Here are a few suggestions that have worked for other players:

Make sure that you are not continuously running any unnecessary backgroud programs in Windows.  (One particularly bad resource hogger is "Fastfind" included with MS Office Applications.  Remove it if you see it.)

Anti-Virus programs can also use excess resources, consider checking things such as NAV.exe for Norton Anti-Virus.  You can see what all is running in the background by pressing Ctrl-Alt-Del once to bring up the task manager. Windows XP/2000 normally has 19 to 21 processes listed in a fairly clean system.

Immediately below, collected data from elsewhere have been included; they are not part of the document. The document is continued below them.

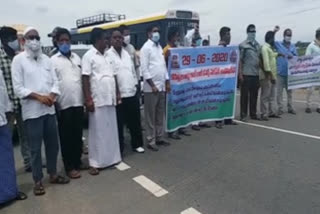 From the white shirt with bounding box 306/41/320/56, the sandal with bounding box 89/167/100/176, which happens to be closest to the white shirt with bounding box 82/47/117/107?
the sandal with bounding box 89/167/100/176

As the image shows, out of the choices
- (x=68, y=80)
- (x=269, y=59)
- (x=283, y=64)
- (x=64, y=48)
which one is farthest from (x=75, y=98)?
(x=283, y=64)

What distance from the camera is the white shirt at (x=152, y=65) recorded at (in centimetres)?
607

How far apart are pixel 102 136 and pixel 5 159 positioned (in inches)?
56.6

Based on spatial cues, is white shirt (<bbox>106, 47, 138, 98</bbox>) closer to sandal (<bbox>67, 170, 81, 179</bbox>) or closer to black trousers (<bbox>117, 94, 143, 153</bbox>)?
black trousers (<bbox>117, 94, 143, 153</bbox>)

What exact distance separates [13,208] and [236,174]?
2820 millimetres

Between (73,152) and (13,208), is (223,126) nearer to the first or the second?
(73,152)

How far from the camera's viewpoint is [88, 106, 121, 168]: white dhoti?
5.20 metres

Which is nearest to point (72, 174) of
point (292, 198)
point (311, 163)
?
point (292, 198)

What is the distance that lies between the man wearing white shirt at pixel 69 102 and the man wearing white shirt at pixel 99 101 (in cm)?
13

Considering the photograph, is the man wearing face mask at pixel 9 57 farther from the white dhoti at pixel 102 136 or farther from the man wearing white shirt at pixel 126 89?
the man wearing white shirt at pixel 126 89

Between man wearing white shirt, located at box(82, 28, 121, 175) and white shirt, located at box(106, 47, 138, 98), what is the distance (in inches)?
10.4

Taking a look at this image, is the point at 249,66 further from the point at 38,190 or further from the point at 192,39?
the point at 38,190

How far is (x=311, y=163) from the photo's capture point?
17.0 feet

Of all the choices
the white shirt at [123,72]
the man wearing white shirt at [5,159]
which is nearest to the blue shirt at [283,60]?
the white shirt at [123,72] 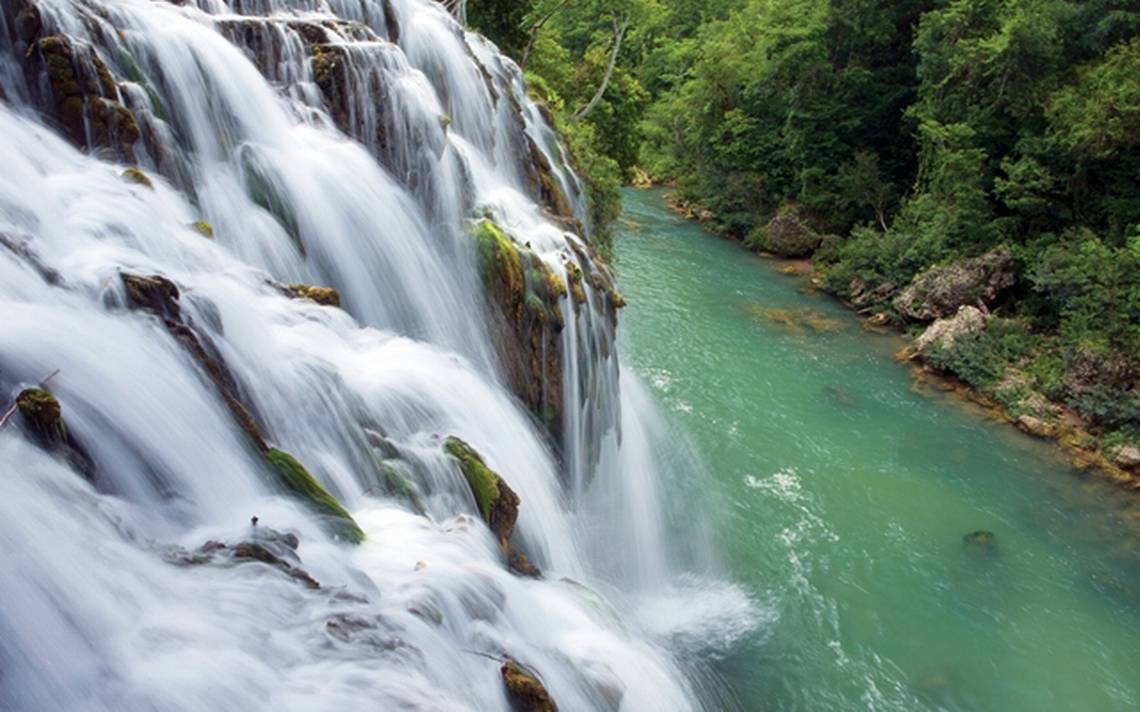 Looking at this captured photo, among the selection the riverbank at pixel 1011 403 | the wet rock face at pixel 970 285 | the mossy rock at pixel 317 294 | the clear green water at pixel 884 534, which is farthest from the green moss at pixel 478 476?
the wet rock face at pixel 970 285

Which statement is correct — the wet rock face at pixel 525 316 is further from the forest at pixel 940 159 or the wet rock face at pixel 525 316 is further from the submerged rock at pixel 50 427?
the forest at pixel 940 159

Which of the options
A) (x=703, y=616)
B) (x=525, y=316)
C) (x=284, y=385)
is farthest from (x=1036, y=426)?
(x=284, y=385)

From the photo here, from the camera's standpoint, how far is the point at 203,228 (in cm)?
530

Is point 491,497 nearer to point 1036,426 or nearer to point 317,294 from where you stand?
point 317,294

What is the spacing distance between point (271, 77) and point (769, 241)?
20.1 m

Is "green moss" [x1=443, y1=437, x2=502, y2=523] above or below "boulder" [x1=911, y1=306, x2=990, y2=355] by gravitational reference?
above

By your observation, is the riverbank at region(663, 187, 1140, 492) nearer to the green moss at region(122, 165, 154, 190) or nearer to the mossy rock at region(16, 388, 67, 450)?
the green moss at region(122, 165, 154, 190)

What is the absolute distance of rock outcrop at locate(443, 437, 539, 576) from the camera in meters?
5.15

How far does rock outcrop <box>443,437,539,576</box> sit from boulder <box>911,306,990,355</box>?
14361 millimetres

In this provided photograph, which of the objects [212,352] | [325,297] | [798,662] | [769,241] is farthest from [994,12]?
[212,352]

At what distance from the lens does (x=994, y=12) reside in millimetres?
19812

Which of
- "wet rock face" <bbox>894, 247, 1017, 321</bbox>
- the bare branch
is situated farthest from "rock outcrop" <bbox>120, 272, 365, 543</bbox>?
"wet rock face" <bbox>894, 247, 1017, 321</bbox>

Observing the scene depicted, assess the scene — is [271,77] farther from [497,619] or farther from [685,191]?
[685,191]

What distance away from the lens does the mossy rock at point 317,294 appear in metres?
5.53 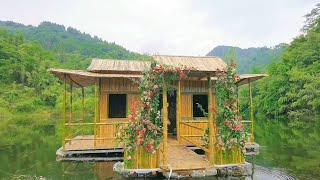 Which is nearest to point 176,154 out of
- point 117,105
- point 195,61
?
point 117,105

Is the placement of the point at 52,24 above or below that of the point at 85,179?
above

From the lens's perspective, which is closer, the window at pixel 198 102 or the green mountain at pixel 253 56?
the window at pixel 198 102

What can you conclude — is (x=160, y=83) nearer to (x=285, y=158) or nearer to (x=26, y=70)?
(x=285, y=158)

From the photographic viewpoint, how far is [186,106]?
46.1 ft

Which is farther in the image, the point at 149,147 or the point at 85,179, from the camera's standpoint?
the point at 85,179

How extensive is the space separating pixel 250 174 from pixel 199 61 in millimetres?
6823

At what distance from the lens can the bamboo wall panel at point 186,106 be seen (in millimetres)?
14031

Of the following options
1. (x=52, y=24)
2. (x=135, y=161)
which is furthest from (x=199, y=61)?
(x=52, y=24)

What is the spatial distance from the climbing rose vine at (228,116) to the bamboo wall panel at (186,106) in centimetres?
444

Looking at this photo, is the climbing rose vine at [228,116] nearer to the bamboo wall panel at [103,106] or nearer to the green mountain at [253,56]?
the bamboo wall panel at [103,106]

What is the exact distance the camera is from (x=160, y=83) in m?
8.97

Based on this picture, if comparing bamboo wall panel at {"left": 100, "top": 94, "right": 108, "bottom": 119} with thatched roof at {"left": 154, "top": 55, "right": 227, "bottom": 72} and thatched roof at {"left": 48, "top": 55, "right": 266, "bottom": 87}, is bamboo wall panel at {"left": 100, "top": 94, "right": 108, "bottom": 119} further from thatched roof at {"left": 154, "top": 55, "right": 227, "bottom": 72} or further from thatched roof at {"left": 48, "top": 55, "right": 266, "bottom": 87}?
thatched roof at {"left": 154, "top": 55, "right": 227, "bottom": 72}

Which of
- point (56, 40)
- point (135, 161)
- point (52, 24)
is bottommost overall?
point (135, 161)

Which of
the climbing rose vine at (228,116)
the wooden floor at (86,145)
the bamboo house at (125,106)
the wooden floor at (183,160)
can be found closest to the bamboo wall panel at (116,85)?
the bamboo house at (125,106) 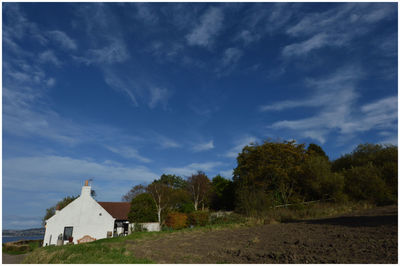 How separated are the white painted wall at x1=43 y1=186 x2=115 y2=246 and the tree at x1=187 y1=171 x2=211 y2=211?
15006 millimetres

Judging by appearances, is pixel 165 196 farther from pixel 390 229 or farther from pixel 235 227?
pixel 390 229

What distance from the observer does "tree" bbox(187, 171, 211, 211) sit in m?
34.8

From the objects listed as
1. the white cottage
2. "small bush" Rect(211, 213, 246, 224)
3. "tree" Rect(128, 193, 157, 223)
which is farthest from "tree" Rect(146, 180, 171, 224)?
"small bush" Rect(211, 213, 246, 224)

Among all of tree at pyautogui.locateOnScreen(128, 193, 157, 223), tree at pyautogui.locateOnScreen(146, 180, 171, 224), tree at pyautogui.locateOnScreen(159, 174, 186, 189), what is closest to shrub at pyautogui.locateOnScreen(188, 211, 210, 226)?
tree at pyautogui.locateOnScreen(128, 193, 157, 223)

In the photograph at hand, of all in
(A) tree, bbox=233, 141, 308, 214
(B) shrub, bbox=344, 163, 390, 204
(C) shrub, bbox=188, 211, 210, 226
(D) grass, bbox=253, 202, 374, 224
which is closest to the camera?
(D) grass, bbox=253, 202, 374, 224

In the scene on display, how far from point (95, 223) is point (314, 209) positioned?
1757 cm

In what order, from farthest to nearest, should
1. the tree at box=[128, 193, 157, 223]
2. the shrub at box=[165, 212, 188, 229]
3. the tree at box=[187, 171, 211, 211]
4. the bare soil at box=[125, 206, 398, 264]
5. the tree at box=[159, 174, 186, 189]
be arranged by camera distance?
1. the tree at box=[159, 174, 186, 189]
2. the tree at box=[187, 171, 211, 211]
3. the tree at box=[128, 193, 157, 223]
4. the shrub at box=[165, 212, 188, 229]
5. the bare soil at box=[125, 206, 398, 264]

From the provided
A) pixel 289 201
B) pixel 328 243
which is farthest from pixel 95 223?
pixel 328 243

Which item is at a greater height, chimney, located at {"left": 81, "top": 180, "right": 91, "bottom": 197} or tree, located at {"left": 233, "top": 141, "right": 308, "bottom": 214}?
tree, located at {"left": 233, "top": 141, "right": 308, "bottom": 214}

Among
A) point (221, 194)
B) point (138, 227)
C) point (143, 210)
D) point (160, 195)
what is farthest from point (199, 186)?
point (138, 227)

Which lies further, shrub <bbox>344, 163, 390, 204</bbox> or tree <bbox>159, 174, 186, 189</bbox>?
tree <bbox>159, 174, 186, 189</bbox>

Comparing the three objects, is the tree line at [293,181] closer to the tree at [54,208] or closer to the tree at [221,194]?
the tree at [221,194]

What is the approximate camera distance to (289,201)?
20.5m

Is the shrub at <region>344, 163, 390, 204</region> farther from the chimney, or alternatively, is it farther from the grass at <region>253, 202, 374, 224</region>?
the chimney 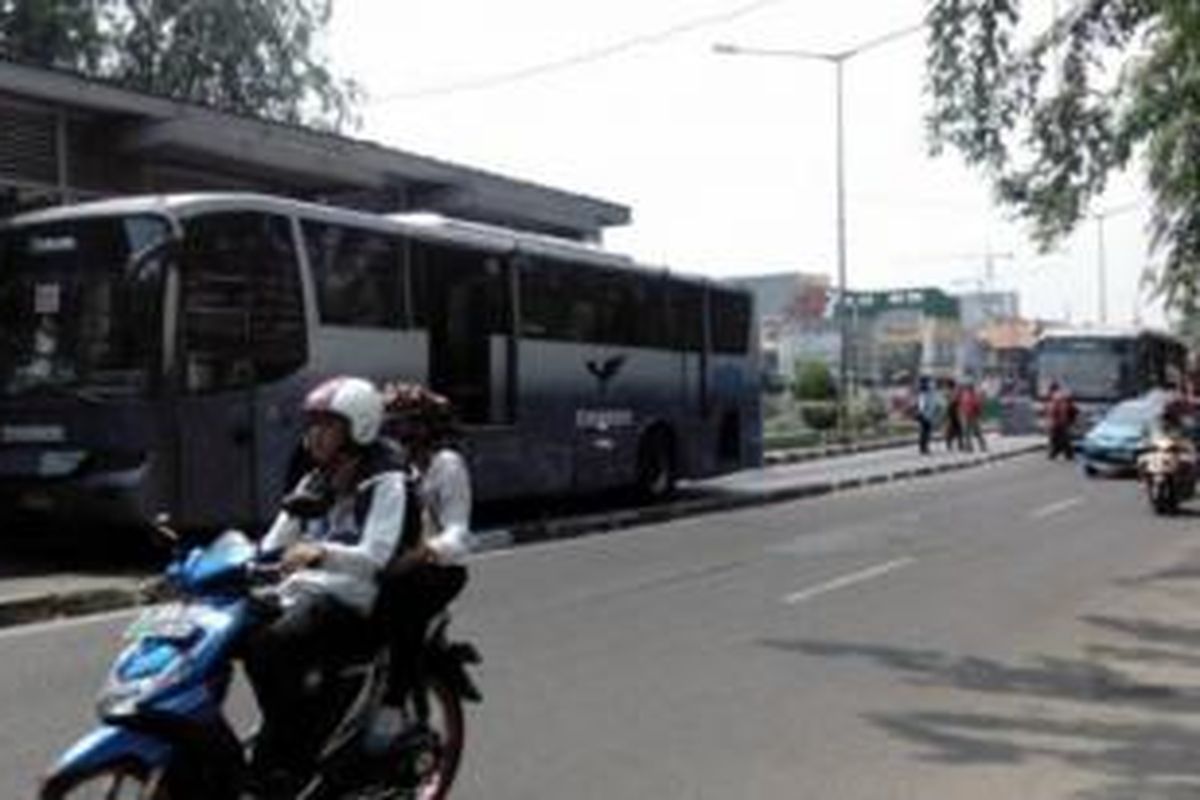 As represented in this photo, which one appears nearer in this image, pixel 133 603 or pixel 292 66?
pixel 133 603

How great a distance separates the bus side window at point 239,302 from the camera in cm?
1914

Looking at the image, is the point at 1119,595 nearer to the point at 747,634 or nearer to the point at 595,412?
the point at 747,634

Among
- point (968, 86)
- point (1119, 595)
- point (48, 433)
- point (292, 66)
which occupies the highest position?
point (292, 66)

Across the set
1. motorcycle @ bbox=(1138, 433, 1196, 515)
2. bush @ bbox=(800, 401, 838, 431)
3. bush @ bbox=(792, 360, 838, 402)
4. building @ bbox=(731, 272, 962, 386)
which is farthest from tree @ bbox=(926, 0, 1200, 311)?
building @ bbox=(731, 272, 962, 386)

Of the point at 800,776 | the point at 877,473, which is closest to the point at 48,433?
the point at 800,776

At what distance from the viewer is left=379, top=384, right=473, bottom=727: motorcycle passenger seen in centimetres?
799

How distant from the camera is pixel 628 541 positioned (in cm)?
2344

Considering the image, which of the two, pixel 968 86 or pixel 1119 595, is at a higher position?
pixel 968 86

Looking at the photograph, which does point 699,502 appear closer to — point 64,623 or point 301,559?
point 64,623

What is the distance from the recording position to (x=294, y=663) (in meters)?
7.48

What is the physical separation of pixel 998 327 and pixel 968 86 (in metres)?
119

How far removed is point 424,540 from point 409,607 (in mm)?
282

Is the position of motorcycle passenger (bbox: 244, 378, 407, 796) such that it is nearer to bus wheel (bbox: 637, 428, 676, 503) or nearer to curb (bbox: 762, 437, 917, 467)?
bus wheel (bbox: 637, 428, 676, 503)

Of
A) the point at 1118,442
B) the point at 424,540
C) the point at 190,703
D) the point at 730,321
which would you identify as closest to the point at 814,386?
the point at 1118,442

Use the latest version of DirectX.

Add more RAM to your system, 256MB is really the minimum you should consider having. 512MB is a good number, with 1GB being optimal.

Upgrade your processor. If you have a 2GHz CPU or faster, you should be fine.

Check the video and sound card drivers. In some cases, the latest video card driver wcan cause problems. For instance, for all NVidia cards from the FX5xxx series and older, you must use the 61.77 drivers from NVidia. Using later drivers for those vide cards will cause problems.

Upgrade to a better video card. If your video is built onto the motherboard, it will be a very poor video solution. Virtually any AGP video card will be better than an onboard video solution.

A good sound card can actually improve frame rates by allowing the CPU to do more instead of working hard doing sound. Generally, an AC97 type of sound device is very CPU dependent as is most onboard sound solutions.

Try using a different monitor resolution, some people actually get better framerates at 1024 x 768 versus 800 x 600. Virtually all the newer video cards from ATI and NVidia run better at higher resolutions. Just a note though, a new computer does not neccessarily mean it has a new video card. May OEM computers use video chips/cards which were designed several years ago, but are cheap.